Task objective: Leave the pictures out and restate every line below exactly.

The data:
● ● ● ●

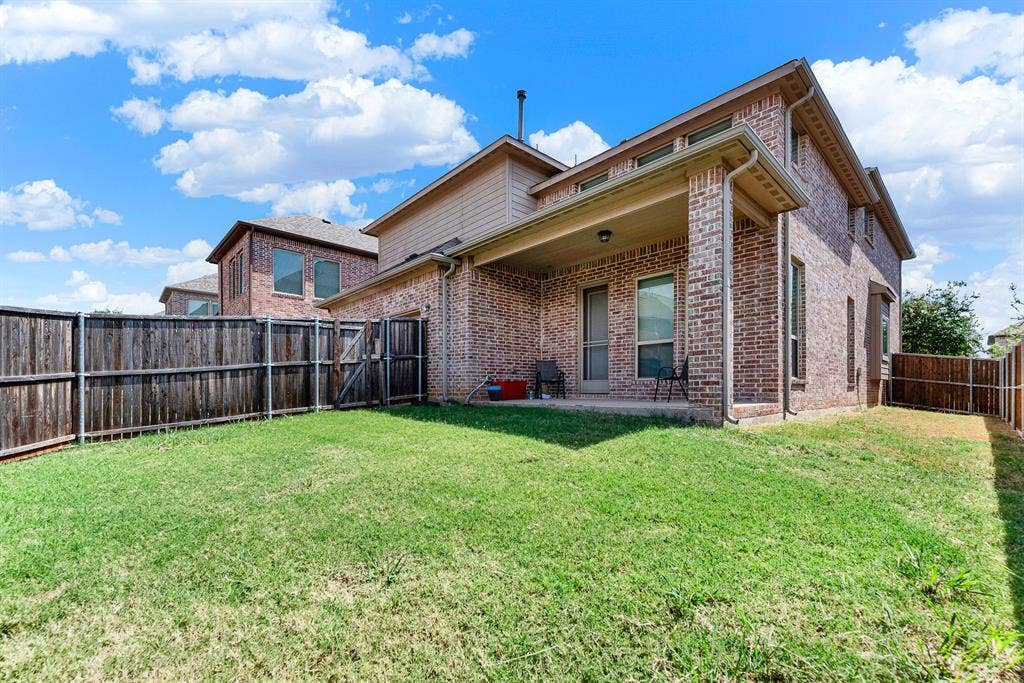 12038 Big Springs Drive, Frisco, TX 75035 Expansive green turf spans the backyard, offering plenty of elbow room along the side elevation. Picture hosting lively weekend lawn games with friends and family with space to spare.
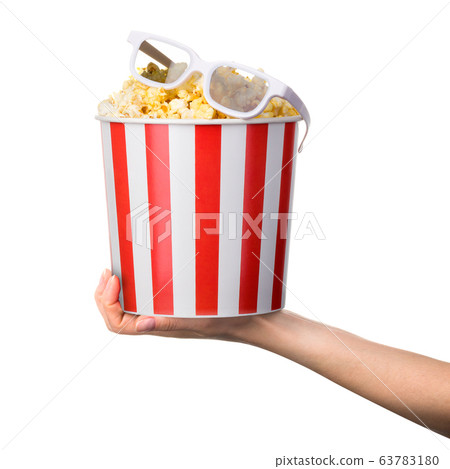 Woman hand holding striped bucket with popcorn and Woman hand holding striped bucket with popcorn and 63783180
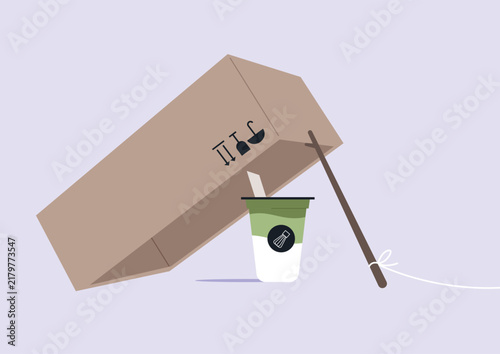 Foto An ironical setup features a cardboard and stick trap holding a delicious cup of matcha latte, inviting the observer to laugh at the trendy drink craze, The setting is playful and creative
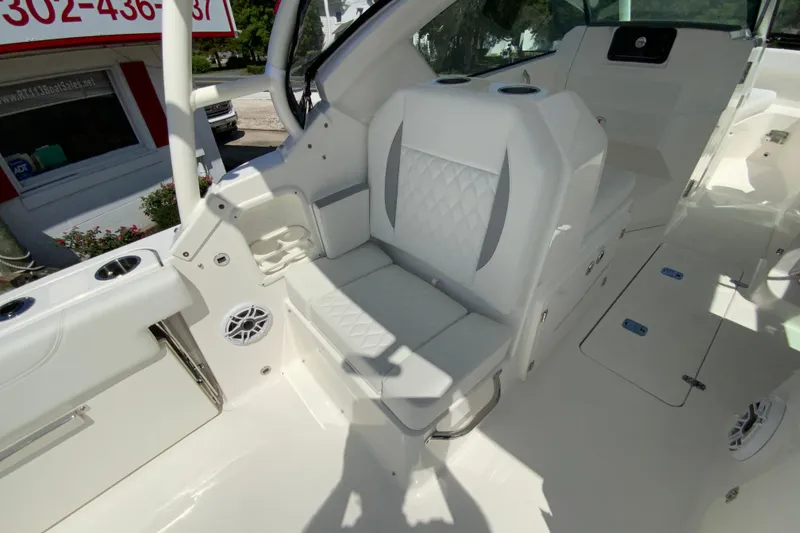 Slide: The Image of 2026 Pursuit DC 266 Dual Console boat interior with white seating and cup holders. - 18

● ● ● ●

Problem solution:
 12038 Big Springs Drive, Frisco, TX 75035 Expansive green turf spans the backyard, offering plenty of elbow room along the side elevation. Picture hosting lively weekend lawn games with friends and family with space to spare.
 Woman hand holding striped bucket with popcorn and Woman hand holding striped bucket with popcorn and 63783180
 Foto An ironical setup features a cardboard and stick trap holding a delicious cup of matcha latte, inviting the observer to laugh at the trendy drink craze, The setting is playful and creative
 Slide: The Image of 2026 Pursuit DC 266 Dual Console boat interior with white seating and cup holders. - 18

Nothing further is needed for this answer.